The morning after our arrival, I woke up to one of my favourite views in the world. This little piece of heaven can be found at Eilean Iarmain on the Sleat peninsula. From a harbour sheltered by smaller islands and skerries, you look out across the Sound of Sleat back towards the mainland and the mountains of Knoydart and Kintail.

I sat on the windowsill and watched the sun come up from behind the hills.

What a spot to live in!

The little stone pier and the natural harbour at Eilean Iarmain used to be an important landing place for the local fishing industry and, indeed, for visitors who found boats more convenient than rough roads, in the days before European Union money upgraded some of the routes through the Highlands and Islands. Lobster fishermen still land their catch here.

Today there is still plenty going on here, despite the collapse of the herring fleet. Thanks to the vision and determination of the late Sir Iain Noble, Eilean Iarmain boasts a warm-hearted, old-fashioned and entirely delightful hotel, a whisky company, a tweed shop, an art gallery and possibly the best pub in the island.

Behind the tweed shop is the turreted entrance to Am Praban, the pub.

We are not heading for the pub just yet, however. Today we are going to explore a little of the north side of the Sleat peninsula, retracing the perilous drive I made alone in January. It is a lot more fun with family and without sheet ice. I’ll show you some of what we saw in my next ‘chapter’ about Skye.

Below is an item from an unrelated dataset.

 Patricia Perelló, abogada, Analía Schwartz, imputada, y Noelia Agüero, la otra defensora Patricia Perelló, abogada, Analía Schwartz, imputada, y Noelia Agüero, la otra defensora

On the road to Tarskavaig, looking back to Knoydart and Loch Nevis (on the mainland).


You might also enjoy The Road to the Isles.

6 Comments leave one →
  1. November 26, 2011 8:46 pm

    What a ‘stroll’ I just took! Thank you for sharing!

    • dancingbeastie permalink*
      November 26, 2011 11:38 pm

      You’re most welcome – I’m glad you enjoyed it.

  2. November 26, 2011 11:20 pm

    Gorgeous – thank you! Those rich tawny tones were exactly what struck me in Torridon recently.
    Sorry to hear about your dreich period just now. I too have been absent from blogging through exhaustion. And this is the low ebb of the Scottish year, so everything is that bit more effort. But your Skye photos are full of light and air and brightness, a bulwark against the dark. Especially on a night when the gale is roaring in the trees outside, even here in the city.
    Eilean Iarmain sounds like something from Lord of the Rings

    • dancingbeastie permalink*
      November 26, 2011 11:48 pm

      Ah, I’d been wondering if all was well, noticing your absence. I do hope that you manage to pull through before Christmas lands on us. (Christmas is wonderful, but you know what I mean I’m sure.) You’re so right: this is ‘the low ebb’, isn’t it. Advent might help to get us going – it’s Advent Sunday tomorrow, can you believe.

      I can’t believe that I’ve never noticed the gentle Elvish sound of ‘Eilean Iarmain’. My favourite place and my favourite books! Had he ever visited Skye, I think that Prof. Tolkien might have relished the soft Gaelic and flinty Norse of the island’s place-names.

  3. November 27, 2011 10:55 pm

    Oh, such wonderful photos of these glorious landscapes, DB. There is nowhere quite like the Highlands and Islands, is there? We were very aware of the colours this visit. They almost seemed to burn at times, especially against a grey sky.

    So sorry you’re still feeling the effects of your head injury. I truly don’t think this ebbtide of the year helps either, even when one is feeling reasonably fit in other ways. I do hope that the hopefyul expectation of Advent will help.

    PS Glad to meet another Tolkien fan. I lost an entire weekend of my life as a student at Oxford when I discovered and devoured the entire three volumes almost without stopping to eat or sleep. 🙂

  4. hmunro permalink
    November 28, 2011 5:17 am

    Your post is so beautiful I’ve come back for a second helping. As I sip my tea, I’m falling in love with Skye — and sending healing thoughts your way.